Assignment
Wherever the line with "Trump signs Dodd-Frank rollback" sits in the listing below, transcribe from it up to and including the line with "Floral - Dolphin Circle 4* Pattaya", exactly, and leave the remaining lines out.

Input for this task
────
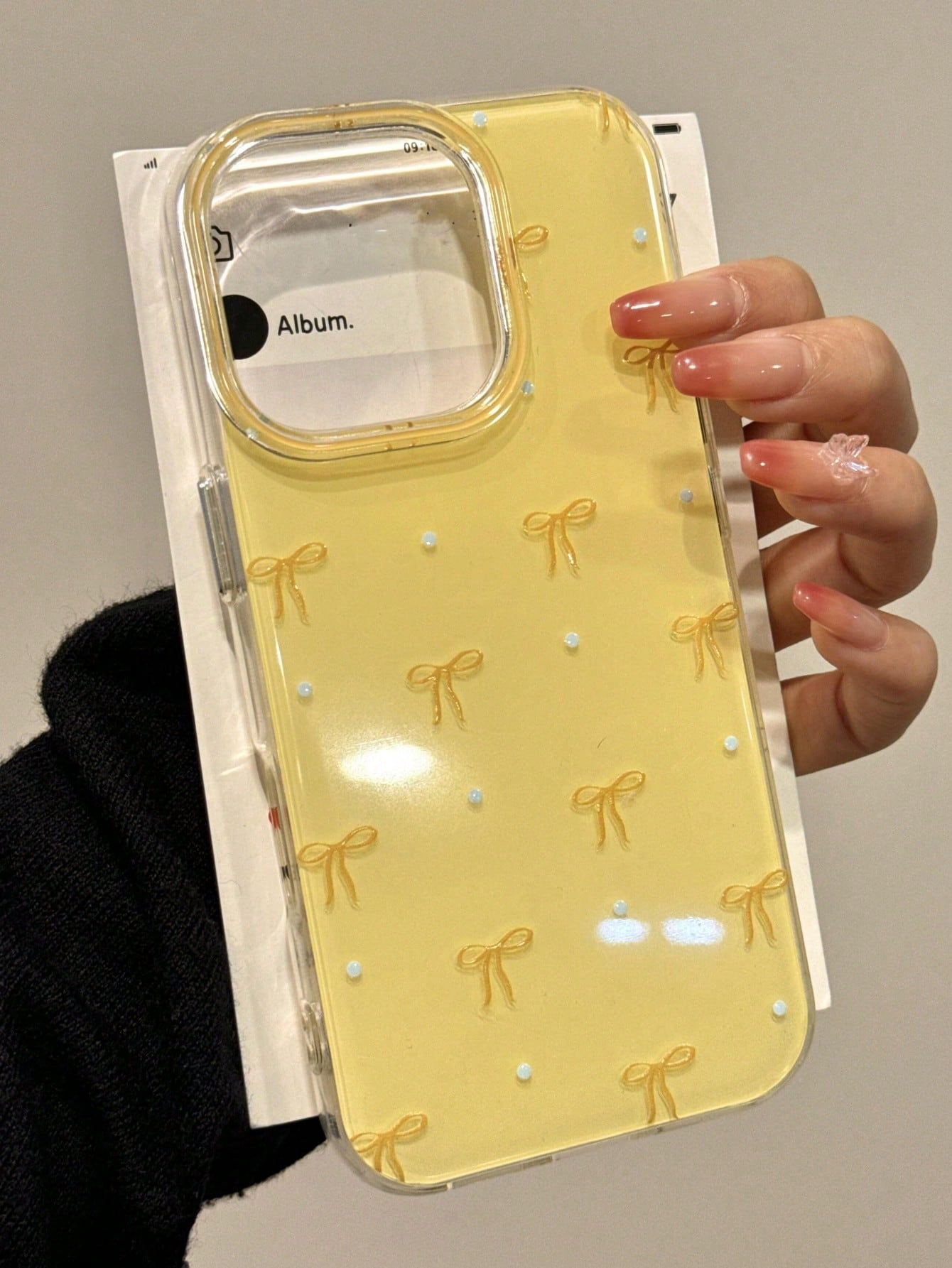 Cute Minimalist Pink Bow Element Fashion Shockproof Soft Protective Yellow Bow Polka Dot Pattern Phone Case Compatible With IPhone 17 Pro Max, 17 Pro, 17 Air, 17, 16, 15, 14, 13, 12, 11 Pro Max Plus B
────
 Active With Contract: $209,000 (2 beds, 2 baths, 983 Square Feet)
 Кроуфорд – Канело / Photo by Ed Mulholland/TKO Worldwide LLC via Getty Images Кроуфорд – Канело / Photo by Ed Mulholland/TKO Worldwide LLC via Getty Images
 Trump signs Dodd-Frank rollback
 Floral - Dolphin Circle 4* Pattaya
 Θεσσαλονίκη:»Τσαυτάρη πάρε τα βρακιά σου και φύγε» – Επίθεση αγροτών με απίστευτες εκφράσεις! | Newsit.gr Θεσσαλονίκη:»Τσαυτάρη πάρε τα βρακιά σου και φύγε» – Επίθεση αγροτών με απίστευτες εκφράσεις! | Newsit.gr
────
Result of the task
 Trump signs Dodd-Frank rollback
 Floral - Dolphin Circle 4* Pattaya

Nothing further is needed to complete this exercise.